Wie alt warst du, als du begonnen hast, in Bands zu spielen?
Mit 15 begann ich, Bass zu spielen, und meinen ersten Auftritt hatte ich mit 16 mit AMMONIA 77. Das war 1983. Wir haben ein Dutzend Gigs gespielt. Das war die typische Situation. Ich kannte einen Gitarristen und einen Drummer, die einen Bassisten suchten. Also habe ich mir einen Bass geliehen und einfach angefangen. Anfang 1984 gründeten wir DECADENCE WITHIN und hatten unseren ersten Gig Ende ’84, Anfang ’85 und wir blieben etwa zehn Jahre zusammen. Wir lernten alles von der Pike auf, saßen ständig im Van, lernten Leute auf der ganzen Welt kennen und veröffentlichten jede Menge Platten DIY. Damals kam es oft zu Gewaltausbrüchen bei Konzerten und wir hatten so viele Gigs, bei denen wir nur sehr kurz oder gar nicht auf die Bühne konnten, haha. Das ist eine Sache der Achtziger, die ich nicht so sehr vermisse.
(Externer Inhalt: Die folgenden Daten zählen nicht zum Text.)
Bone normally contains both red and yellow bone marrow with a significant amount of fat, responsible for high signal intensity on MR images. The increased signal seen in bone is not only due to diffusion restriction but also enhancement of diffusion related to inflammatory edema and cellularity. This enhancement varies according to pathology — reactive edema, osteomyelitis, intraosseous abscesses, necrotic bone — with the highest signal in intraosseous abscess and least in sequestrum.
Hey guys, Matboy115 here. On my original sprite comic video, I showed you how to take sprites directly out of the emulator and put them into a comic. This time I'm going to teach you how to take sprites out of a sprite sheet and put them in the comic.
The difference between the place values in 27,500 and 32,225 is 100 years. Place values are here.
Kann man nach dem Ende einer Band mit den Leuten befreundet bleiben?
Nun ja, das hängt davon ab, warum man sich aufgelöst hat. Wenn man einfach am Ende des Weges angekommen ist, stellt das kein Problem dar. Hat jemand Geld unterschlagen, willst du nichts mehr mit ihm zu tun haben. Ich bin eigentlich noch mit jedem befreundet, der mit mir in einer Band gespielt hat. Es gibt ein oder zwei Typen, die wir gebeten haben, die Band zu verlassen. Da war es eine Zeitlang schwierig, aber man wird auch älter, lässt Dinge hinter sich und ich habe mit niemandem ein Problem. Einige von ihnen lesen das hier vielleicht und denken sich: „Was für ein Arsch!“ Haha!
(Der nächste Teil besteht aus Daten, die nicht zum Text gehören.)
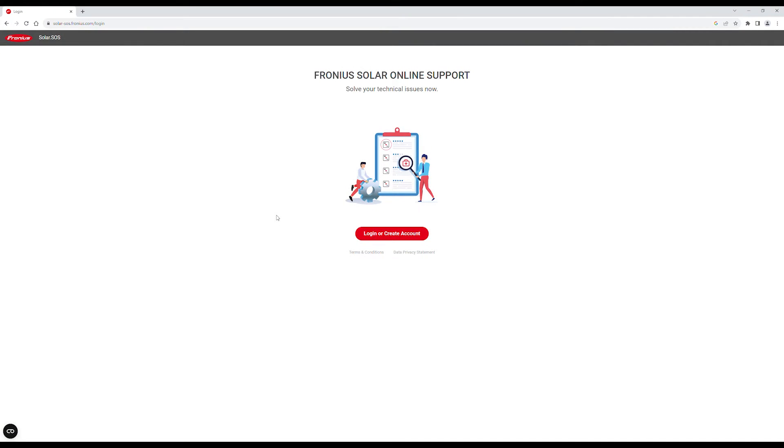Do you want to reduce the amount of time you spend on site troubleshooting? In this video, we'll show you how to troubleshoot inverter errors with Fronius Solar SOS.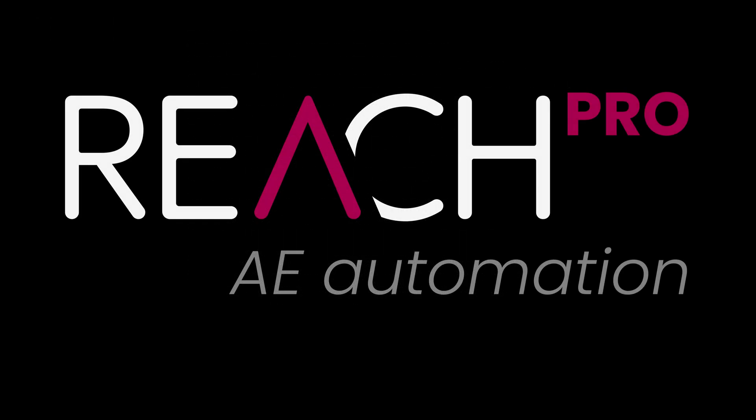So that's Reach Pro in a nutshell. Thanks for watching and happy motion design. Cheers!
Wie bist du zum Punk gekommen?
Daran kann ich mich sehr lebhaft erinnern. Ich habe ja meinen Cousin Antony Mowbray erwähnt, der neben STAMPIN’ GROUND auch bei DECADENCE WITHIN und einigen anderen Bands war. Sein Spitzname war Mobs. Er war vor mir Punk und wir hatten Kontakt, weil wir eben Cousins sind. Er spielte mir Punk-Platten vor, die okay waren, dann tauchte Punk in den Zeitungen und im Fernsehen auf. Zunächst ging ich in eine andere Richtung und war früh großer Fan von ADAM AND THE ANTS und KILLING JOKE. Irgendwann spielte er mir diese Single von DISCHARGE vor, „Decontrol“, so etwas hatte ich noch nie zuvor gehört. Alles, was ich bisher mochte, schien jetzt irgendwie lahm zu sein und das machte mich wirklich zum begeisterten Punk. Ich ging dann weiter zurück zu THE DAMNED, THE STRANGLERS und anderen frühen Sachen, aber dieser Punk der zweiten Welle, dieser krachige Kram wie DISCHARGE, VARUKERS, ENGLISH DOGS oder GBH hatte es mir angetan. Auch EXPLOITED, die bei „Top of the Pops“ „Dead cities“ spielten. Das passierte alles in so einem kleinen Zeitfenster und begeisterte mich total.

Wie alt warst du da?
Das muss 1981 gewesen sein. Da war ich 13 oder 14. Ein gutes Alter, um sich für eine Sache zu begeistern.

Und da kam auch der Wunsch auf, eine eigene Band zu gründen?
Ja, ich fand den DIY-Gedanken toll, machte mein eigenes Fanzine und wollte eine Band haben. Es gab da eine lokale Punk-Szene mit Bands wie DEMOB in Gloucester und SCREAMING DEAD und die SAMPLES in Worcester, das wollten wir auch und Ledbury bekannt machen.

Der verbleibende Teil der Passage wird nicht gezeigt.